Machado de Assis, Elogio da Vaidade
A Vaidade, em pessoa, nos denuncia o quanto está presente em quase todos, com raríssimas exceções, desde no poeta caprichoso na estrofe, que recorre à ela, que se intitula a décima musa, até na mãe, que se carrega a mais elevada forma de altruísmo, segundo a Vaidade, também traz a mais profunda forma de egoísmo, no que maior que o amor materno é o amor de si próprio. Denúncia ainda, como em aparentes gestos de Modéstia, reside na verdade a Vaidade, como na fachada de boas ações que não se fazem se não para serem vistas e reconhecidas. Diz-se tão sedutora que penetra até a sacristia, fazendo com que os que vivem para as glórias do céu às esqueçam pelas vanglórias da terra.
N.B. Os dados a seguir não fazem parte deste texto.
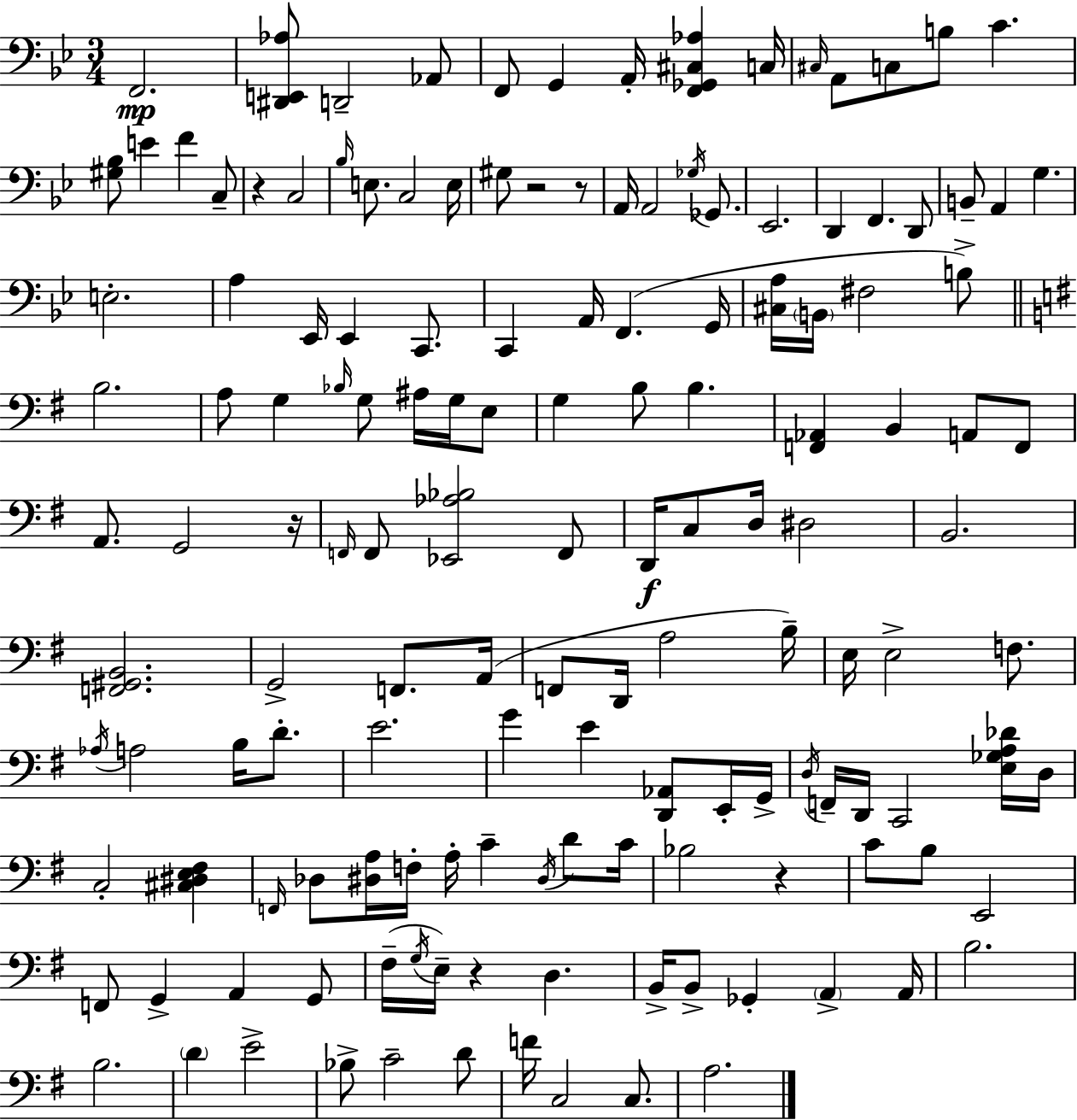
X:1
T:Untitled
M:3/4
L:1/4
K:Bb
F,,2 [^D,,E,,_A,]/2 D,,2 _A,,/2 F,,/2 G,, A,,/4 [F,,_G,,^C,_A,] C,/4 ^C,/4 A,,/2 C,/2 B,/2 C [^G,_B,]/2 E F C,/2 z C,2 _B,/4 E,/2 C,2 E,/4 ^G,/2 z2 z/2 A,,/4 A,,2 _G,/4 _G,,/2 _E,,2 D,, F,, D,,/2 B,,/2 A,, G, E,2 A, _E,,/4 _E,, C,,/2 C,, A,,/4 F,, G,,/4 [^C,A,]/4 B,,/4 ^F,2 B,/2 B,2 A,/2 G, _B,/4 G,/2 ^A,/4 G,/4 E,/2 G, B,/2 B, [F,,_A,,] B,, A,,/2 F,,/2 A,,/2 G,,2 z/4 F,,/4 F,,/2 [_E,,_A,_B,]2 F,,/2 D,,/4 C,/2 D,/4 ^D,2 B,,2 [F,,^G,,B,,]2 G,,2 F,,/2 A,,/4 F,,/2 D,,/4 A,2 B,/4 E,/4 E,2 F,/2 _A,/4 A,2 B,/4 D/2 E2 G E [D,,_A,,]/2 E,,/4 G,,/4 D,/4 F,,/4 D,,/4 C,,2 [E,_G,A,_D]/4 D,/4 C,2 [^C,^D,E,^F,] F,,/4 _D,/2 [^D,A,]/4 F,/4 A,/4 C ^D,/4 D/2 C/4 _B,2 z C/2 B,/2 E,,2 F,,/2 G,, A,, G,,/2 ^F,/4 G,/4 E,/4 z D, B,,/4 B,,/2 _G,, A,, A,,/4 B,2 B,2 D E2 _B,/2 C2 D/2 F/4 C,2 C,/2 A,2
“Traz no coração duas flores, a fé e eu; a celeste; colheu-a no catecismo, que lhe deram aos dez anos; a terrestre colheu-a no espelho, que lhe deram aos oito; são os seus dois Testamentos; e eu sou o mais antigo.”
Machado de Assis, Elogio da Vaidade
Ainda para convencer-nos de sua superioridade e importância, a Vaidade discursa com toda pompa, rica em vocabulário e referências culturais, e periga realmente convencer, num conto tão curto, mas que parece mais que suficiente, tanto em defesa sua, quanto em material de reflexão. Não estende seu latim por já se considerar soberana sobre quase toda a Terra, deixando para a que nomeia como irmã bastarda apenas onde se pisa com tristeza,
aquela que podemos ver com os olhos para o chão. Nomeia-se ainda, a Vaidade, como anjo protetor, zeloso, aquele que acompanha cada um do nascimento à cova, sempre cumprindo seu papel, enriquecendo e embelezando a Terra e seus habitantes, no que a irmã empobrecida em nada ou tão pouco teria colaborado.
“Que tem ela feito no mundo que valha a pena de ser citado? Foram as suas mãos que carregaram as pedras das Pirâmides? Foi a sua arte que entreteceu os louros de Temístocles? (…) Traga-me ela uma lista de seus feitos, de seus heróis, de suas obras duradouras; traga-ma, e eu a suplantarei, mostrando-lhe que a vida, que a história, que os séculos nada são sem mim.”
Machado de Assis, Elogio da Vaidade
Avisa-nos em conselho que não caiamos na tentação da Modéstia, e essa inversão do discurso que rege a moral cristã é interessantíssima, de que não vale a pena no que morre depressa, passageira, sem feitos duradouros. Uma verdadeira advogada do diabo, de si própria. A perspicácia de Machado ao encarná-la enquanto narradora, utilizando-se das qualidades da própria, é digna de nota, e o faz com tanta maestria que realmente não assustaria convencer, passando-se por sincera – a de riso franco – em contraste com a irmã que soa falsa e sem graça, mesmo sonsa, em seu discurso.